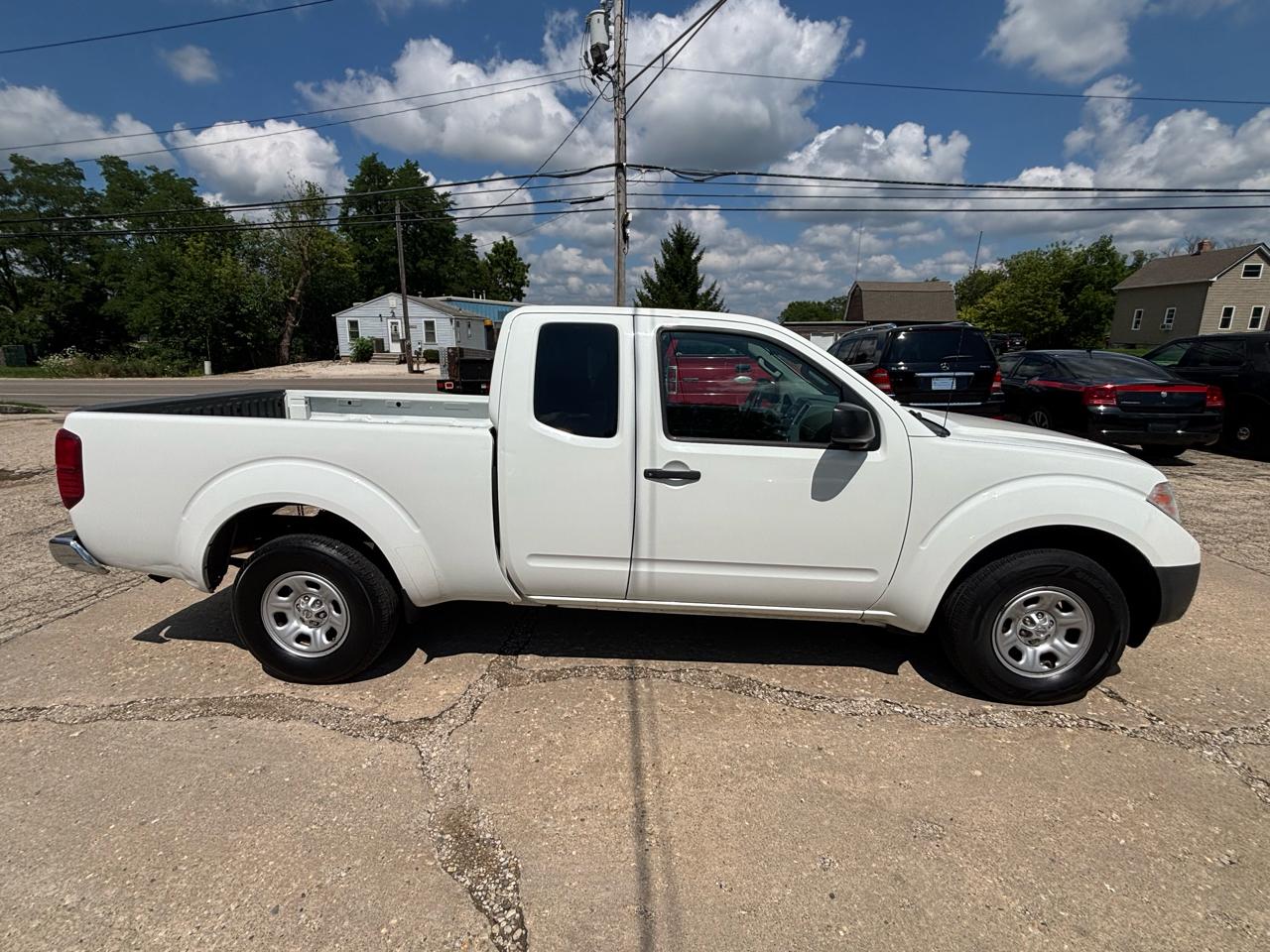 Nissan Frontier 2WD King Cab I4 Auto SV 2014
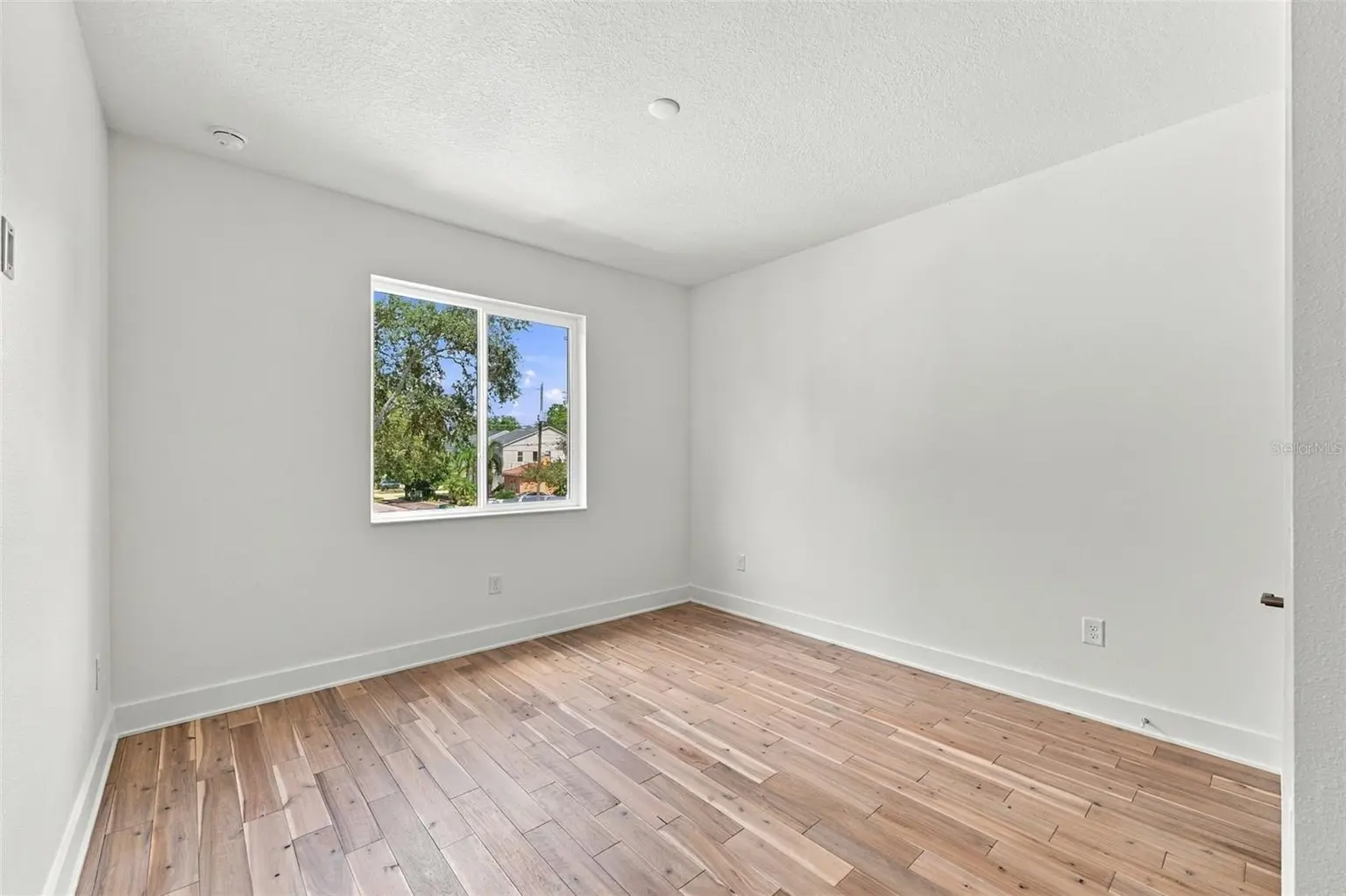 3201 W WYOMING AVENUE, TAMPA, FL, photo 49 of 59
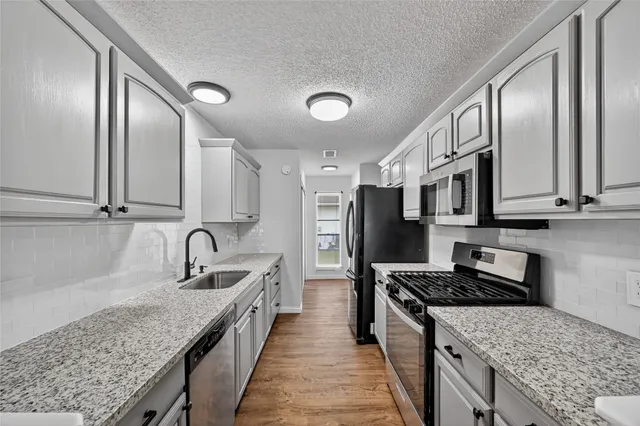 $2,200 | 22711 Smokey Hill Drive, Katy, TX 77450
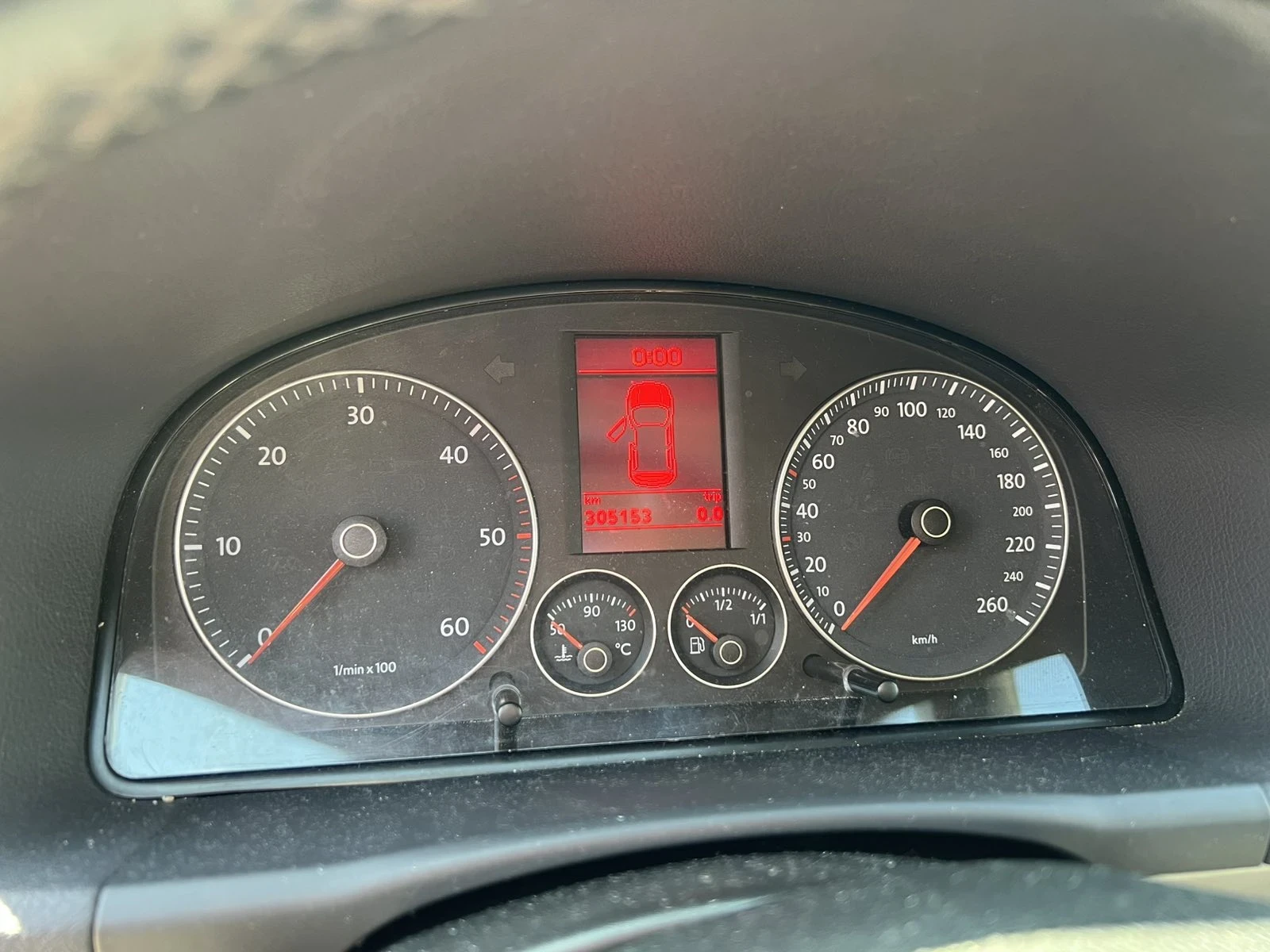 VW Touran Vw Touran 1.9 TDI 105коня фейс , снимка 10 - Автомобили и джипове - 55181918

▶ **Try it**:
Starting at the line that contains "3201 W WYOMING", transcribe every line through the end of the listing exactly, including both end lines and excluding pictures.

▶ **Your response**:
 3201 W WYOMING AVENUE, TAMPA, FL, photo 49 of 59
 $2,200 | 22711 Smokey Hill Drive, Katy, TX 77450
 VW Touran Vw Touran 1.9 TDI 105коня фейс , снимка 10 - Автомобили и джипове - 55181918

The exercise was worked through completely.